COS 104-5
Tree harvest, fire, and drought can drive state transitions in savannas
Deciphering the mechanisms by which ecosystems shift between alternate stable states is a central goal of modern ecology, and a necessary task to inform management decisions. Several lines of evidence suggest savanna and forest are alternate stable states at the mesic end of the savanna distribution, and at the arid end savanna and grassland may also be alternate stable states. While mean annual precipitation explains broad patterns in biome distribution, fire has been invoked to explain why savanna often persists where the climate is amenable to the forest state. Given that some 240-450 million tons of wood is harvested annually from African forests and savannas, we ask whether tree harvest also plays a role.
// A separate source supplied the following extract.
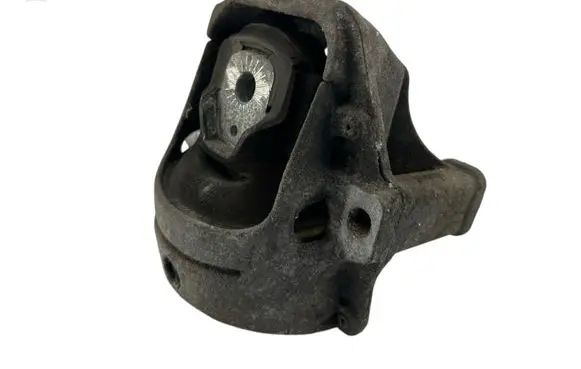 Engine mount bracket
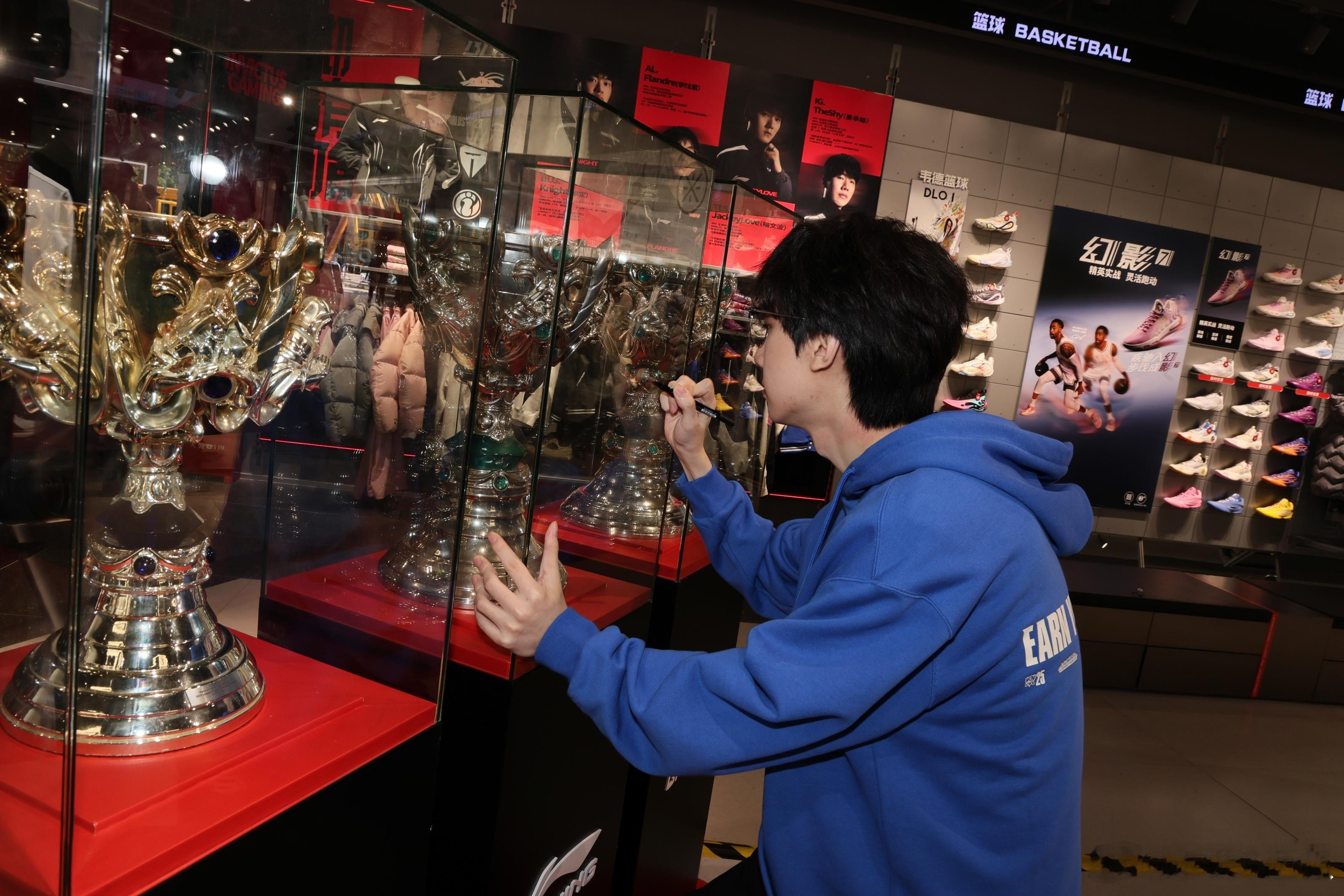 多希望LPL能3加1 IG虽然输了一场，但他们的精神依然是LPL的骄傲！希望BL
To address this question we incorporate tree harvest into a model of grasses, savanna saplings, savanna trees, and forest trees proposed by Staver and Levin (2012). We use assumptions about the differential demographic responses of savanna trees (they resprout) and forest trees (they do not resprout) to show how tree harvest influences not only tree cover but also tree demography.
Results/Conclusions
In general, the model suggests savannas are resilient to tree harvest due to adaptations savanna trees have evolved to cope with frequent fire (resprouting). However, at the arid and mesic ends of the grassland-savanna-forest continuum, tree harvest can have a profound and potentially irreversible impact. At the savanna-forest ecotone the model produces a runaway feedback between tree harvest and fire frequency that can drive a biome transition from forest to savanna that will likely be persistent without active fire suppression. At the grassland-savanna ecotone tree harvest can make a savanna more vulnerable to periodic droughts by disrupting the storage potential held within long-lived adult savanna trees, which results in a transition to a grassland state. These results are not just of theoretical interest. Demand for wood fuels is projected to increase in sub-Saharan Africa, as is the use of charcoal, which requires more wood per unit energy. Thus, as demand for wood fuels, especially charcoal, increases in the coming decades we can anticipate the boundaries of the savanna biome relative to grassland and forest to shift.